Diana Gill. From the editor’s standpoint we publish what the audience wants. If you want stuff that’s different, buy stuff that’s different. I would be happy to publish all sorts of stuff that’s mindblowing and different, but I would have to find the audience for it. Why there are so many fantasy trilogies? Because that’s what sells. So if you want something that’s different, buy something that’s different.
Eric Flint. It’s a minefield. I have to be honest: 99% of the time when somebody comes up with something different, it’s crappy. Evolution produces lots of mutants, but very few of them survive. If you avoid cliches, you are adding an extra burden. It can be done sometimes, but it’s very hard.
Is it a problem for an author to invent something so popular, that it does become a cliche?
Then L. E. Modesitt asks a question that most of us aspiring authors can only dream to be asked one day. “As an author, what happens if you invent something so popular, that it does become a cliche?” For example, as was mentioned earlier, a lot of people think of Shakespeare and Tolkien as ridden with cliches, whereas they were the ones who gave birth to them. To that list he adds Anne McCaffrey, who “turned dragons into a cliche”.
Glen Cook. I never thought of myself as a particularly great author, I’m just a shopworker, but I’ve been around enough so that people come up to me and say, man, you’re a great influence of my writing, I think, what’s wrong with you ? (Everybody laughs.) I don’t think I’ve done anything that original, but I do see people starting to imitate some of the things I’ve done. And some of them do it a hell of a lot better than I do.
Carole Nelson Douglas.

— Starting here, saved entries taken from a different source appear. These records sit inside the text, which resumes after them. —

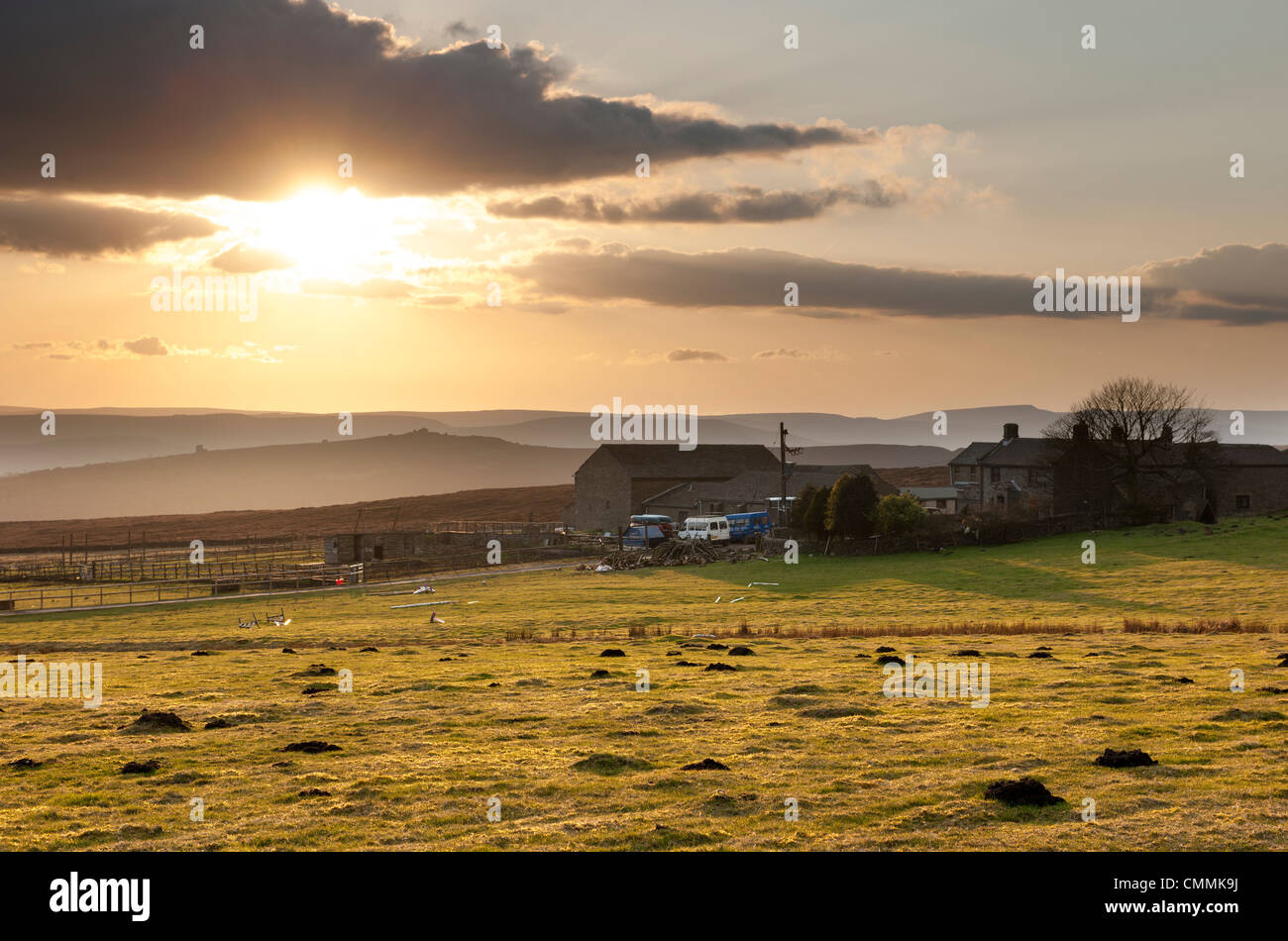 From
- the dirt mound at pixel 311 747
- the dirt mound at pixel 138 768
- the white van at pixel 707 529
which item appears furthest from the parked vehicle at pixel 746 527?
the dirt mound at pixel 138 768

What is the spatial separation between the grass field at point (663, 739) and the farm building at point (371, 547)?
43.6 metres

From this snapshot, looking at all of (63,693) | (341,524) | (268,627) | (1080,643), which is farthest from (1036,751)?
(341,524)

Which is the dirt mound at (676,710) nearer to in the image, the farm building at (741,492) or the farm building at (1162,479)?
the farm building at (1162,479)

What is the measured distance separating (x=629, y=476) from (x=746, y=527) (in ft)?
95.5

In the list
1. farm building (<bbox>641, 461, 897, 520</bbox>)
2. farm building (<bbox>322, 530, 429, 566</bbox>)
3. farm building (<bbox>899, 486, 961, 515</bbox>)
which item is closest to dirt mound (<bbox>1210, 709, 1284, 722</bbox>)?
farm building (<bbox>322, 530, 429, 566</bbox>)

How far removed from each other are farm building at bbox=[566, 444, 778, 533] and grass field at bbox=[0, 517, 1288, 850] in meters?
78.1

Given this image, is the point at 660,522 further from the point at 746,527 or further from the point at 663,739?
the point at 663,739

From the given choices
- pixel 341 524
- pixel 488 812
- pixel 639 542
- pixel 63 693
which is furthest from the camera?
pixel 341 524

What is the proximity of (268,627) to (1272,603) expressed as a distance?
49386 mm

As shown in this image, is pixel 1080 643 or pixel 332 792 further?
pixel 1080 643

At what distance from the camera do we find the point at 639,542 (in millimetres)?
94500

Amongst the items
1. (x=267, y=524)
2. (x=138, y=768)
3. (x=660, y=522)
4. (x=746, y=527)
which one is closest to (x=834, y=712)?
(x=138, y=768)

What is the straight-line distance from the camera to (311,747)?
2102cm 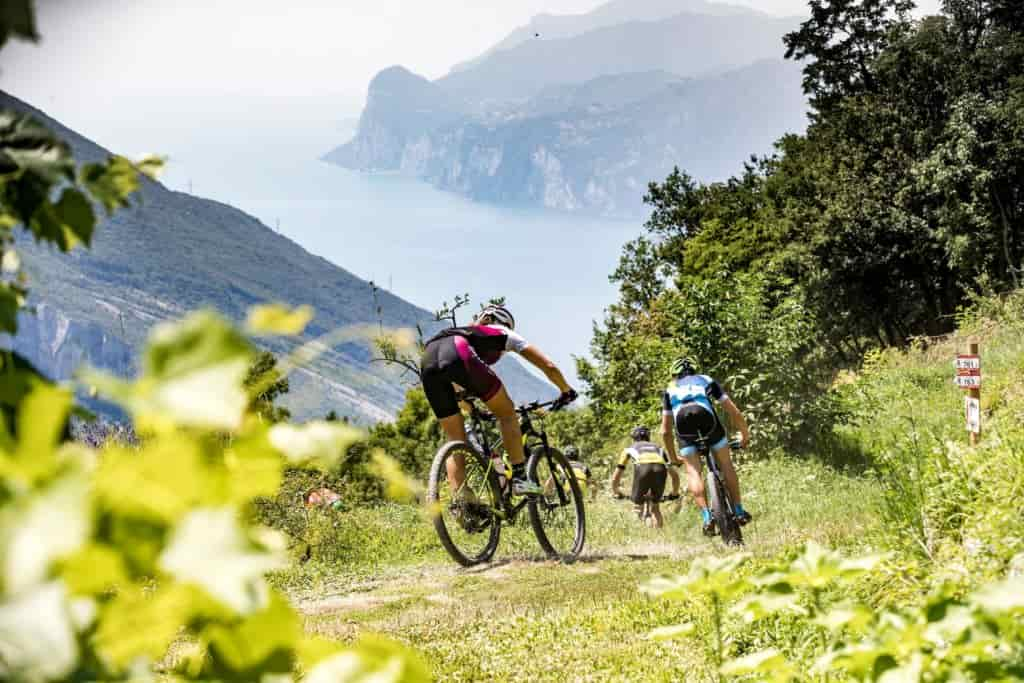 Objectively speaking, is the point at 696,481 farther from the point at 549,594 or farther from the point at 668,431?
the point at 549,594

It’s just amazing to see that you’ve had influence, huh?
Eric Flint. If an author has been around for a long time, and gets a lot published, they get out at least one series that’s very popular, and it becomes your meat and potatoes. You need to be careful not to get focused on it too much, because you’ll burn out. You need to keep doing something new.
L. E. Modesitt. There’s a lot of fan pressure on that. I wrote over 50 novels, but the question people ask is, when is the next Recluce book coming out?

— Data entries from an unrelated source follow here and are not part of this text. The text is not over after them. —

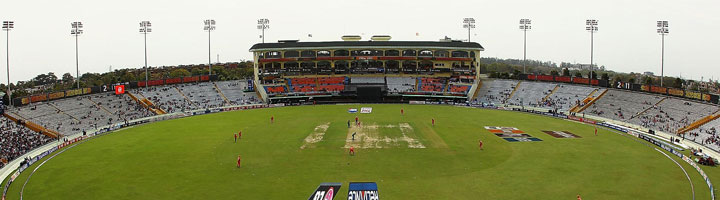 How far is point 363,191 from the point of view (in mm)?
32250

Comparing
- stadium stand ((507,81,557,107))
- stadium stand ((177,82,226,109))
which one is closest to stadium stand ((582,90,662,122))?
stadium stand ((507,81,557,107))

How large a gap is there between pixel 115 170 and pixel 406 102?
210 feet

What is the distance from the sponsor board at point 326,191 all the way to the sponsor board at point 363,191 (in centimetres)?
107

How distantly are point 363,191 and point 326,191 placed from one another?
2.69 m

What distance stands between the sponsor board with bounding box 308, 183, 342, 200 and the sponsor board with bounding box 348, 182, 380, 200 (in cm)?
107

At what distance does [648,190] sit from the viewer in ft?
107

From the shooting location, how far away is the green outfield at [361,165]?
107ft

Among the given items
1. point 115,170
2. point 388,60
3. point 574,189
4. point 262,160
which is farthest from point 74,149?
point 388,60

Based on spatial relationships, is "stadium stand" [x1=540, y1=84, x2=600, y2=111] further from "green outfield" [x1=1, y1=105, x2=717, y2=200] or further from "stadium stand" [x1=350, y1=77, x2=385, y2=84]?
"stadium stand" [x1=350, y1=77, x2=385, y2=84]

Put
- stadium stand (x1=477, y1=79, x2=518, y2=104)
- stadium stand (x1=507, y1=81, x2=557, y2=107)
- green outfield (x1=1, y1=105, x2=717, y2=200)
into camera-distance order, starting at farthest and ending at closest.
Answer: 1. stadium stand (x1=477, y1=79, x2=518, y2=104)
2. stadium stand (x1=507, y1=81, x2=557, y2=107)
3. green outfield (x1=1, y1=105, x2=717, y2=200)

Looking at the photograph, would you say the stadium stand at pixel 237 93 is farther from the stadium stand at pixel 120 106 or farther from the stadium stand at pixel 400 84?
the stadium stand at pixel 400 84

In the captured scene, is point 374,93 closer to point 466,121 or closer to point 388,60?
Result: point 388,60

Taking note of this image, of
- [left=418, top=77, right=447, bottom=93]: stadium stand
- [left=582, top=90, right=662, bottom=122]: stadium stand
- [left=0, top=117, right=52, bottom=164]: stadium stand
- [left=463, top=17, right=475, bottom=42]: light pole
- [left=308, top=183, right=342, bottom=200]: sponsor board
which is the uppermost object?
[left=463, top=17, right=475, bottom=42]: light pole

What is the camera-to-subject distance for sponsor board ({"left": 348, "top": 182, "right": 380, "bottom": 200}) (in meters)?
31.1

When readers expect political correctness from writers
Another interesting aspect of this discussion is readers expect political correctness from writers. So in a sense readers expect cliches. In an interesting way, those cliches are not necessarily centuries-old; they may be fairly recent. Much has been set about an essentially conservative mindset expressed by traditional / “high” fantasy, but recently readers have been demanding certain stereotypes that rise from liberal sensibilities.
A guy in the audience. Do you find difficult to write politically incorrect characters?

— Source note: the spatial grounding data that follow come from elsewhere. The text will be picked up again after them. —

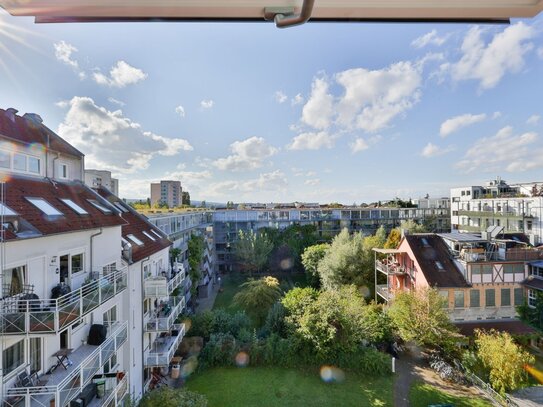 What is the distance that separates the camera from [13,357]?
266 inches

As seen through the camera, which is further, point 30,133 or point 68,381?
point 30,133

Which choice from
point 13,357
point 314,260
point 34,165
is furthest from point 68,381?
point 314,260

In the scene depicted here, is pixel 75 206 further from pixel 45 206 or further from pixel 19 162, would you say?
pixel 19 162

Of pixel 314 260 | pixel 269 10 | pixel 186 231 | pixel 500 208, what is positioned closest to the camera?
pixel 269 10

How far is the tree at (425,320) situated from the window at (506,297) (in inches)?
195

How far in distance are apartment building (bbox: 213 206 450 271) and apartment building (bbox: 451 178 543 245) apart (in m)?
5.37

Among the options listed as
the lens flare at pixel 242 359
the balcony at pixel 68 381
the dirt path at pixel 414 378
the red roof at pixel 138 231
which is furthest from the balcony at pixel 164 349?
the dirt path at pixel 414 378

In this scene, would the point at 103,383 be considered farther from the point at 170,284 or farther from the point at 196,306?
the point at 196,306

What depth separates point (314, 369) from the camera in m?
15.2

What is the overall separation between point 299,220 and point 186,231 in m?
17.8

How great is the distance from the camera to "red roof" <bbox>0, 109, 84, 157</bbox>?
8789mm

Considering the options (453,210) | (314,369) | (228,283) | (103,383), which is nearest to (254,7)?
(103,383)

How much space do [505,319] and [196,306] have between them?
22.6m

L. E. Modesitt. Sometimes it works and sometimes it doesn’t. I tend to write very strong female characters. It’s a reflection of my background. I’ve been married 3 times, I have 6 daughters, and [all are] very strong women. I don’t think I’ve run in my entire life into a weak-willed woman. One reader wrote to me and complained saying there are no women like he’s writing. Modesitt replied: you haven’t met my daughters! The reader wrote back: they aren’t real people. (Everybody laughs.)
Carole Nelson Douglas. I have a Victorian spinster, and she is the very model of what Victoriana wanted of a woman, and my readers can’t stand to read her. They want something politically correct.
Glen Cook. I often need to point out that people in the 14th century did not think like the democrats in San Francisco in the 20th century.
Disclaimer: Most of this text is not a word-for-word transcription of what the panelists said. I tried to stick as close to the recording as possible, but in most places I had to paraphrase it. Thus, all the grammatical, syntax and style errors are mine, and not the panelists’. In some places entire phrases were put in the angle brackets — those are the places that are more like my guess of what was being said, rather than what was actually been said.